Customizing the Plasmid Database

The plasmid database mentioned in the Installation section should be suitable for most purposes, as it contains more than 9000 RefSeq plasmids covering all Bacteria. However, should you wish to add more sequences or use a completely different database, this is entirely possible.

Adding on to the Default Database

Adding on to the default database is simple. To do so, just append any other sequences you would like PlasmidExtractor to search for to the end of the plasmid_db.fasta file included in the database download. This is particularly easily done from the command line. If, for example, you have a new sequence you would like to add to the database called new_sequence.fasta in the same folder as plasmid_db.fasta, a simple cat command can append for you:

cat new_sequence.fasta >> plasmid_db.fasta

Using A Different Database

Using a different database is also possible and easy to do. A valid plasmid database is any FASTA-formatted (uncompressed) file with one or more sequences within it, with unique names for each. To use a different database, just change the file you're pointing to with the -p option when calling PlasmidExtractor.

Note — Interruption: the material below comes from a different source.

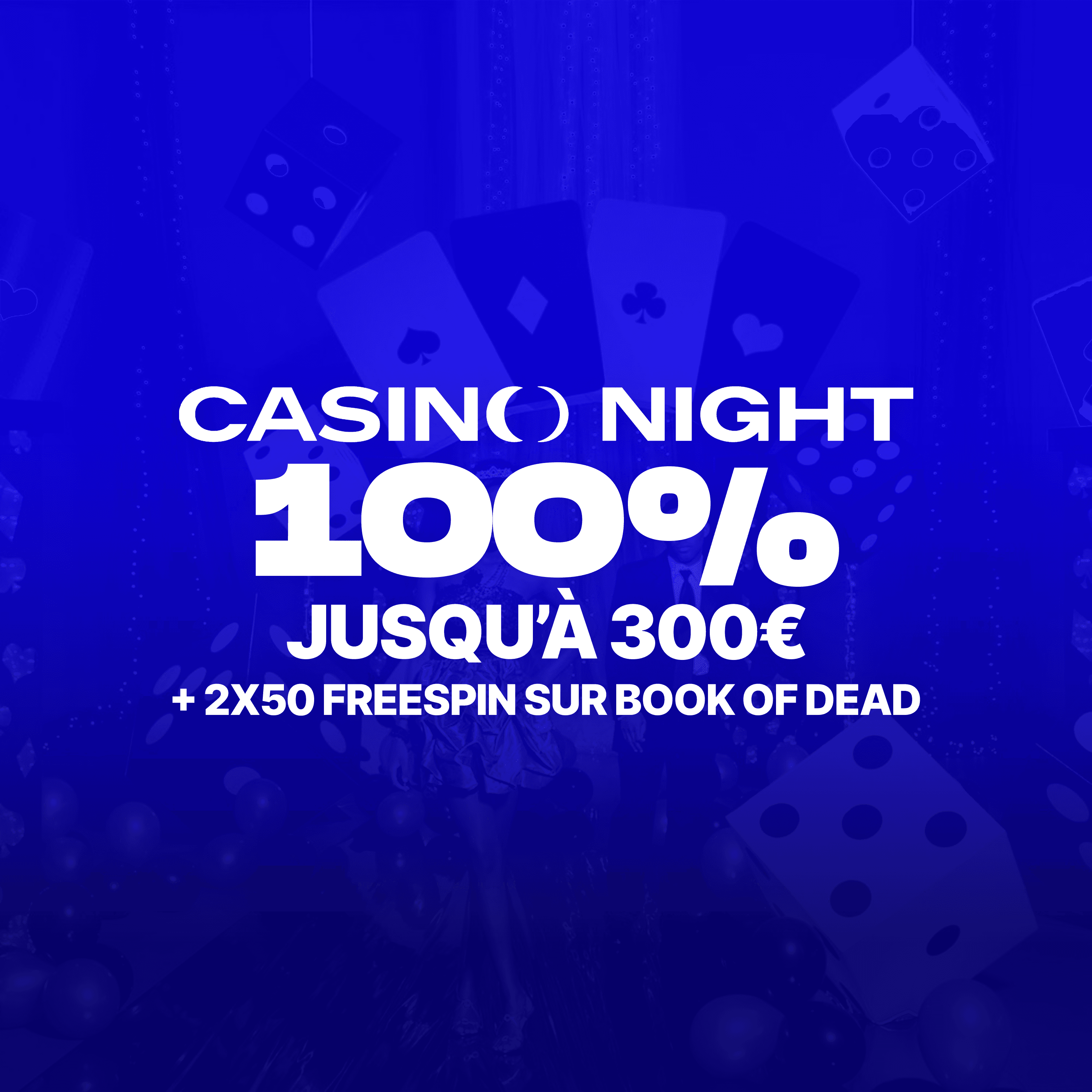 Offre Casino Night, 100% jusqu'à 300€ et 250 free spins sur Wild Hike.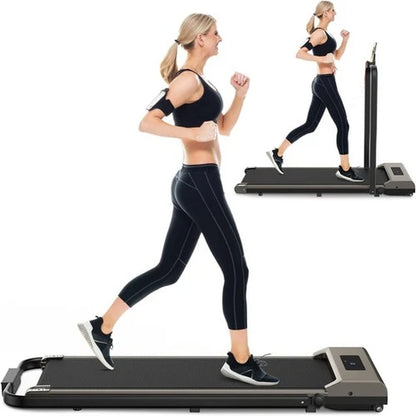 2-In-1 Smart Walking Pad Foldable under Desk Treadmill Running Machine W/ Holder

Using Custom AMR/Virulence/Incompatibility Group Databases

The defaults databases for AMR/Virulence/Incompatibility Group Detection included with PlasmidExtractor are derived from CGE Databases. Given that there are approximately 8 million different AMR databases out there, it's entirely possible that you have your own favorite that you would like to use. With PlasmidExtractor, you are able to do this with a fairly simple procedure.

Adding on to the Defaults

If you want to add on to the default database, you can just add your sequences of interest to the relevant folder, with the caveat that the file extension needs to be .tfa. So, for example, if you have a FASTA file with new AMR genes called amr.fasta that you would also like searched, you would move (or copy) the file to databases/resistance_db and rename it to amr.tfa. The following command would do this for you:

cp amr.fasta databases/resistance_db/amr.tfa

Creating Your Own Database

In the event you don't want anything to do with the included AMR databases, you don't have to use them at all! You can just delete the file in whichever folder you want to use your own databases for, and then put the FASTA files for your own database (with the .tfa extension!) into that folder, and you'll be good to go. Note that the names of the folders for each type of detection must remain the same, and at least one target file must be in each of the folders, or you will have an error.